Socratic Questioning: Learn to Self-guide Multimodal Reasoning in the Wild
Journal:
arXiv
Published Date:
Jan 6, 2025
Abstract
Complex visual reasoning remains a key challenge today. Typically, the
challenge is tackled using methodologies such as Chain of Thought (COT) and
visual instruction tuning. However, how to organically combine these two
methodologies for greater success remains unexplored. Also, issues like
hallucinations and high training cost still need to be addressed. In this work,
we devise an innovative multi-round training and reasoning framework suitable
for lightweight Multimodal Large Language Models (MLLMs). Our self-questioning
approach heuristically guides MLLMs to focus on visual clues relevant to the
target problem, reducing hallucinations and enhancing the model's ability to
describe fine-grained image details.
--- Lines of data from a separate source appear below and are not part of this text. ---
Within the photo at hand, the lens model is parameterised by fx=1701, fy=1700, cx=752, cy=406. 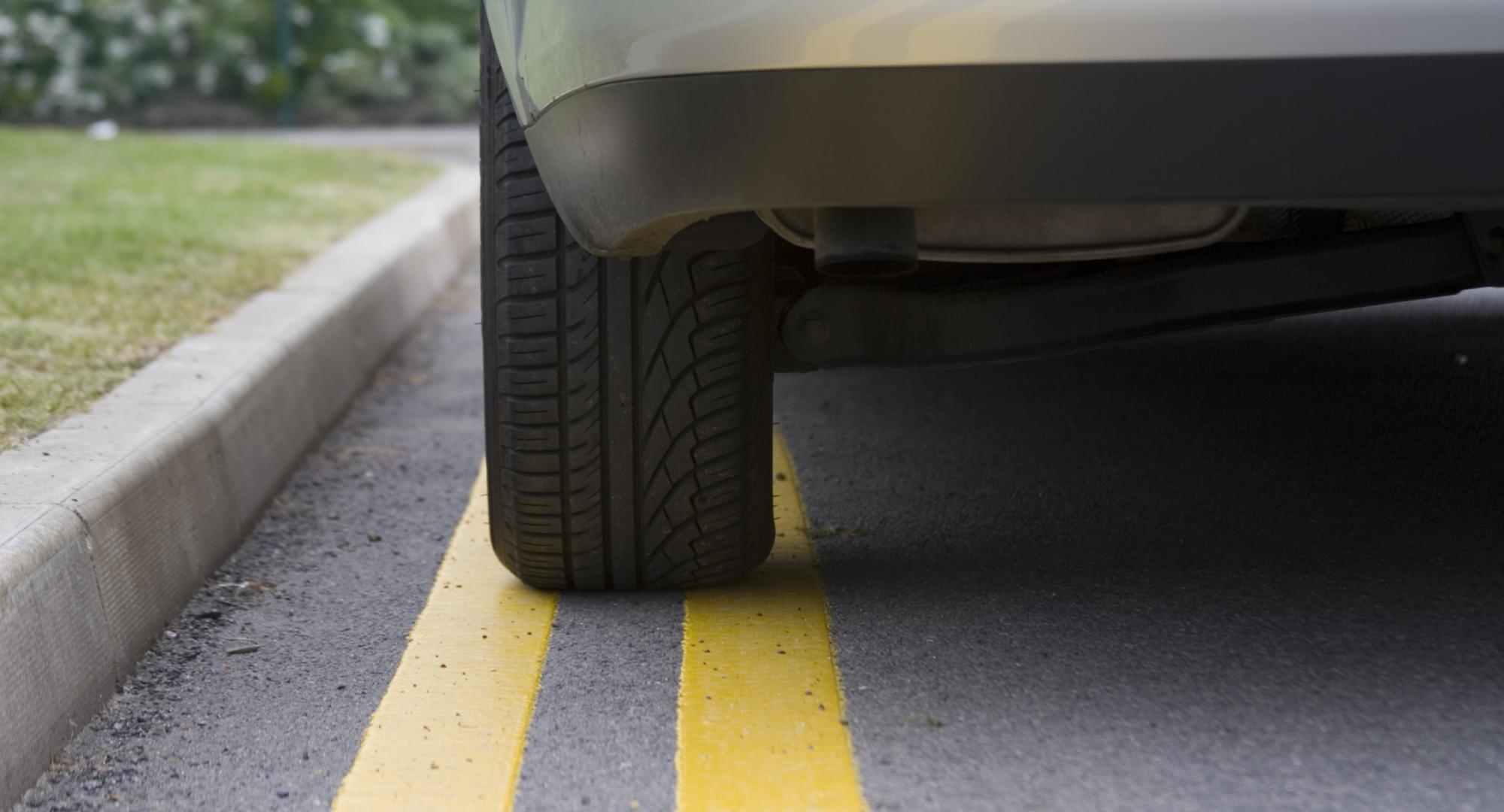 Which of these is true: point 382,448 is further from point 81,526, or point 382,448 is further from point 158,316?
point 81,526

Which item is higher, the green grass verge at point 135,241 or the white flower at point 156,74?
the green grass verge at point 135,241

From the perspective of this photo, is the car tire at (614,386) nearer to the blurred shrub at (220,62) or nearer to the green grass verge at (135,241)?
the green grass verge at (135,241)

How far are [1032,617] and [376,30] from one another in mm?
16999

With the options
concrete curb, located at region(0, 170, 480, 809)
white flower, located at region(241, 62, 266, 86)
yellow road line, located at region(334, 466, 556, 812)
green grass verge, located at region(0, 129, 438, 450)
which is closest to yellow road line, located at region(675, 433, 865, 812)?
yellow road line, located at region(334, 466, 556, 812)

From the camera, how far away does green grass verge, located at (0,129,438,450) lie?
10.0ft

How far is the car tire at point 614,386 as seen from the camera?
206 centimetres

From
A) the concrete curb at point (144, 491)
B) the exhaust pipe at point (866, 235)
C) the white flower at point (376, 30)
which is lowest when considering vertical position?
the concrete curb at point (144, 491)

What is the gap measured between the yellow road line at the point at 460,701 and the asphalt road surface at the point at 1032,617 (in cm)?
3

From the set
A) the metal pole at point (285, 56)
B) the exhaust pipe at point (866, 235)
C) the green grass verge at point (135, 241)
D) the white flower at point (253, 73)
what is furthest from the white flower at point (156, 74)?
the exhaust pipe at point (866, 235)

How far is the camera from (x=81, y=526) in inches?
78.1

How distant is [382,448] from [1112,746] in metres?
2.00

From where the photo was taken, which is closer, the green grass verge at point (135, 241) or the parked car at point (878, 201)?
the parked car at point (878, 201)

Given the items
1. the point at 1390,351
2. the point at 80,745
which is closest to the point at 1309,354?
the point at 1390,351

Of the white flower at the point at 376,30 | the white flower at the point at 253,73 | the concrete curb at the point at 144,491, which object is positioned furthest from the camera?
the white flower at the point at 376,30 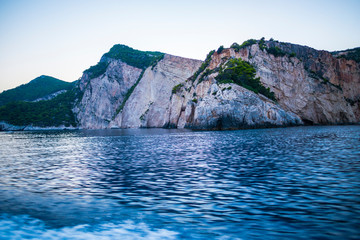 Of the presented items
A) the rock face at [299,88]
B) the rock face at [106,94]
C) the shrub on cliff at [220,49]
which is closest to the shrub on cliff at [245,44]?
the rock face at [299,88]

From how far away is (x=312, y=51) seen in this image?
306 feet

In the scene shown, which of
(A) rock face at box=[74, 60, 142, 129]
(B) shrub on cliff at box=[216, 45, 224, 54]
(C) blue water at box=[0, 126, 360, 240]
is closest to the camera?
(C) blue water at box=[0, 126, 360, 240]

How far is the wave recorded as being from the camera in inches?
247

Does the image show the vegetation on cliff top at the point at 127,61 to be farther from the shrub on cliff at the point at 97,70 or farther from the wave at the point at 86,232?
the wave at the point at 86,232

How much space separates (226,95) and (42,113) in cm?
12295

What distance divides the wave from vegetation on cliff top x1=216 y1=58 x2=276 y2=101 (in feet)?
208

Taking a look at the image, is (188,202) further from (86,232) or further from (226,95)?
(226,95)

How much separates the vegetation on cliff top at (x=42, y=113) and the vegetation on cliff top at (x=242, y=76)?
108 metres

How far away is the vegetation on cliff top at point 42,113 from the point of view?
432 feet

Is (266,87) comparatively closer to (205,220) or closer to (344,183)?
(344,183)

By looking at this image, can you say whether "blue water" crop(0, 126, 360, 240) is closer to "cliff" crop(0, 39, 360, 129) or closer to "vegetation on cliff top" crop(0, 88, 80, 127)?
"cliff" crop(0, 39, 360, 129)

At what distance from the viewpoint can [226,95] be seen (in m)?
62.7

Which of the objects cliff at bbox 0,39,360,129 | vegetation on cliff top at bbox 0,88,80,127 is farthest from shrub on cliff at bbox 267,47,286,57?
vegetation on cliff top at bbox 0,88,80,127

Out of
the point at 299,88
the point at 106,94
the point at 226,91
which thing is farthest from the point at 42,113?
the point at 299,88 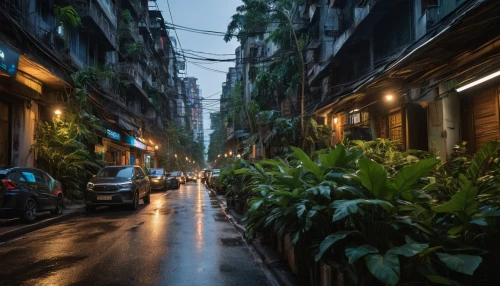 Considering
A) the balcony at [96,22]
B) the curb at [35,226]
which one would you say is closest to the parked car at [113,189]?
the curb at [35,226]

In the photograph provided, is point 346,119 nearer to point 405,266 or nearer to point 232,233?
point 232,233

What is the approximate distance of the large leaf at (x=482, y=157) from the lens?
4051 mm

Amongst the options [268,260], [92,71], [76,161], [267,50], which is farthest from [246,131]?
[268,260]

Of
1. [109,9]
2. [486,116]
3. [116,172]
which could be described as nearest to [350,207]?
[486,116]

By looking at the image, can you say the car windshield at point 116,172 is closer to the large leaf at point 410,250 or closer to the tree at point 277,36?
the tree at point 277,36

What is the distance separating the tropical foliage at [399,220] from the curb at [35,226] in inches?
263

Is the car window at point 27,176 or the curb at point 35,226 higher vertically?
the car window at point 27,176

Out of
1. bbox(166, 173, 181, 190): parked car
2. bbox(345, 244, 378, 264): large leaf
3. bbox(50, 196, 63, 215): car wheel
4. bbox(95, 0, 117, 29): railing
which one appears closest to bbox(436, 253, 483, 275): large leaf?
bbox(345, 244, 378, 264): large leaf

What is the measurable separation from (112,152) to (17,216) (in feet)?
71.5

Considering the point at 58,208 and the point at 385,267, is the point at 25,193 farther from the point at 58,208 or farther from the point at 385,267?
the point at 385,267

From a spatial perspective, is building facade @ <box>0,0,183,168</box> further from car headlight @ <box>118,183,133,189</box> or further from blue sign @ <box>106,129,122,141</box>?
car headlight @ <box>118,183,133,189</box>

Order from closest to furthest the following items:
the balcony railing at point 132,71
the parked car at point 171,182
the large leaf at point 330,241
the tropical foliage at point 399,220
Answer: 1. the tropical foliage at point 399,220
2. the large leaf at point 330,241
3. the parked car at point 171,182
4. the balcony railing at point 132,71

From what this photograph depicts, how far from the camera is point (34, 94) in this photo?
15.6m

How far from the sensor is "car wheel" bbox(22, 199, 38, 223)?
10213 mm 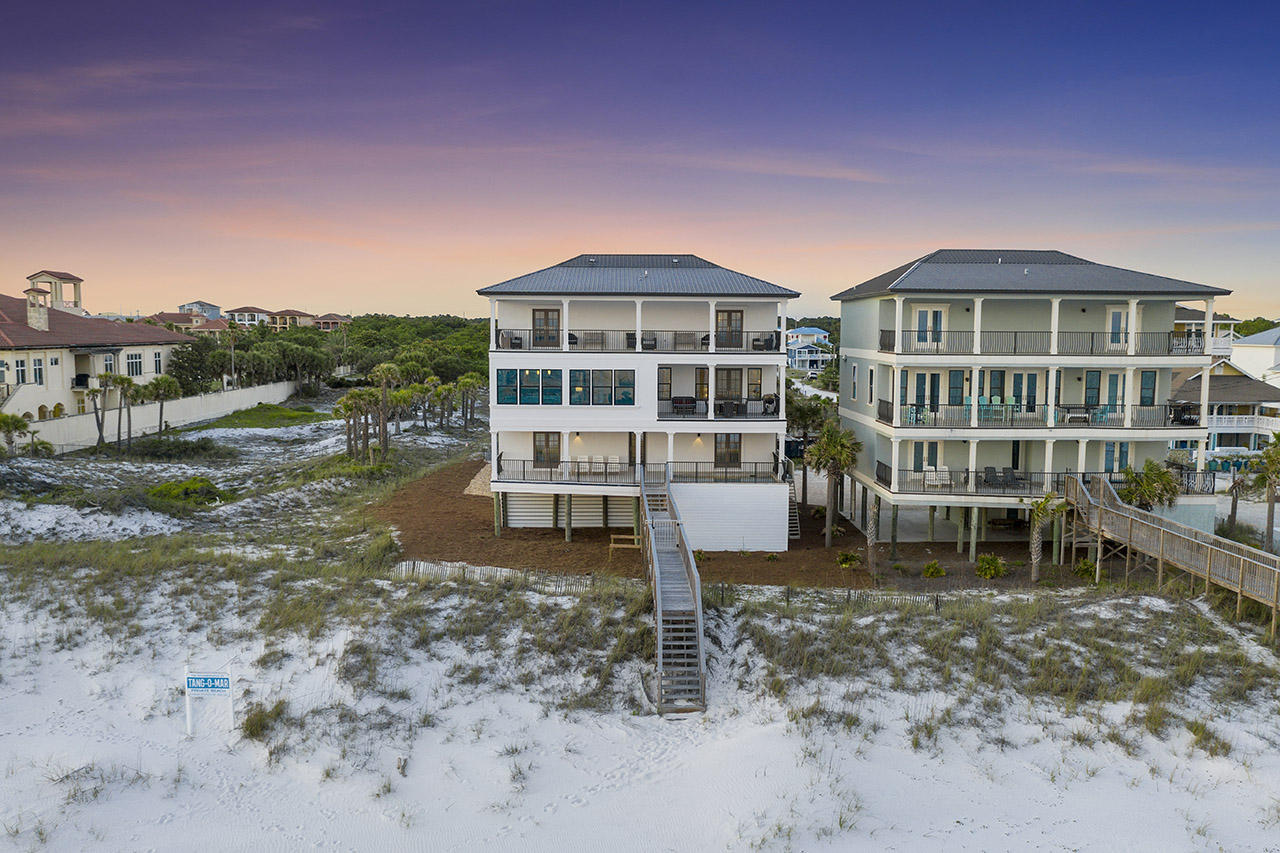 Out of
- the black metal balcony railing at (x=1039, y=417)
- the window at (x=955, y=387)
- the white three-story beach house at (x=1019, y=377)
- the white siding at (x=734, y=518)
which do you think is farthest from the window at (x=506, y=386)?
the window at (x=955, y=387)

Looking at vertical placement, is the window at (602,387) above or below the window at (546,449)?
above

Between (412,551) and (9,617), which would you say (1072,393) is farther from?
(9,617)

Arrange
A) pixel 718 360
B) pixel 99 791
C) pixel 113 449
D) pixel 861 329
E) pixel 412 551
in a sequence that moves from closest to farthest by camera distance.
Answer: pixel 99 791 → pixel 412 551 → pixel 718 360 → pixel 861 329 → pixel 113 449

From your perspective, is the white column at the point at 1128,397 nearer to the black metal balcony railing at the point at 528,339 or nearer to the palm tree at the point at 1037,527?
the palm tree at the point at 1037,527

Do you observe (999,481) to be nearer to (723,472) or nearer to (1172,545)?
(1172,545)

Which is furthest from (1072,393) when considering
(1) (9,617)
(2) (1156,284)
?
(1) (9,617)

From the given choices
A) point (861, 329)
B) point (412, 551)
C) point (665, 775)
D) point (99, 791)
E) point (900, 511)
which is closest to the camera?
point (99, 791)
This ultimately enables the model to
perform well in complex visual reasoning and question-answering tasks. We have
named this framework Socratic Questioning(SQ). To facilitate future research,
we create a multimodal mini-dataset named CapQA, which includes 1k images of
fine-grained activities, for visual instruction tuning and evaluation, our
proposed SQ method leads to a 31.2% improvement in the hallucination score. Our
extensive experiments on various benchmarks demonstrate SQ's remarkable
capabilities in heuristic self-questioning, zero-shot visual reasoning and
hallucination mitigation. Our model and code will be publicly available.